Low CBF Health Monitoring

Philosophy

  • Health means a device’s ability to perform its function.

  • The healthState attribute is used to report the health state of Low CBF Controller, Subarray, Processor and Connector devices.

    • Controller and Subarray aggregate the health of other Tango devices.

    • Processor and Connector report the health of their underlying hardware as well as their firmware/programming and control software.

  • The information used by each device to evaluate its health state will be exposed as Tango attributes for use in GUIs or as alarms.

Purpose

Why do all SKA Tango devices have a healthState attribute?

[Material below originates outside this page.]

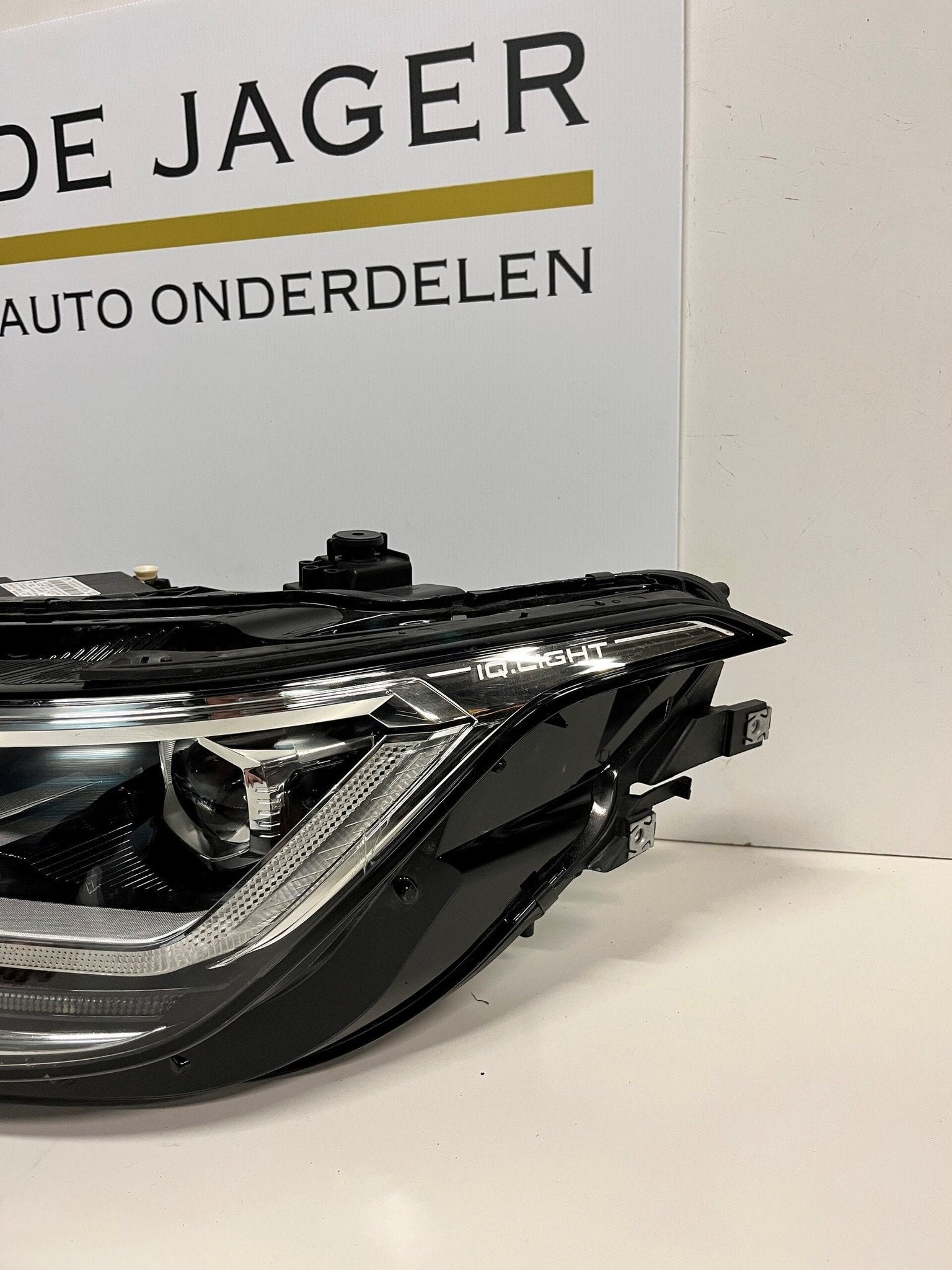 VW TIGUAN 5NB FACELIFT VOL LED KOPLAMP LINKS 5NB941081C, Gebruikt, Volkswagen, Volkswagen AG, Berliner Ring 2
38440  Wolfsburg, DE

To pinpoint faulty pieces of the telescope.

Health State Definitions

  • 0 - OK: fully functional

  • 1 - Degraded: partial (not full) function available [optional state]

  • 2 - Failed: unable to perform core function

  • 3 - Unknown: initial state / we can’t determine an answer

See also the documentation for ska_control_model.HealthState.

Evaluation is based on the component itself, not the previous/next piece of signal chain or neighbours. To use an analogy: we evaluate “our car”, not the road, bridge, or traffic lights.

Alarms vs Health

Alarms and Health are different things.

An alarm is defined in IEC 62682 as:

An audible and/or visible means of indicating to the operator of an equipment malfunction, process deviation, or abnormal condition requiring a response.

We define health as:

A device’s ability to perform its function.

_images/alarms_vs_health.svg

One is not a subset of the other, although there is some overlap. Some parameters that trigger alarms may lead to a change in health state, others may not. Some parameters that are used to calculate health state will have alarms associated with them, some may not. A failed health state in some devices may be alarmed, others may not.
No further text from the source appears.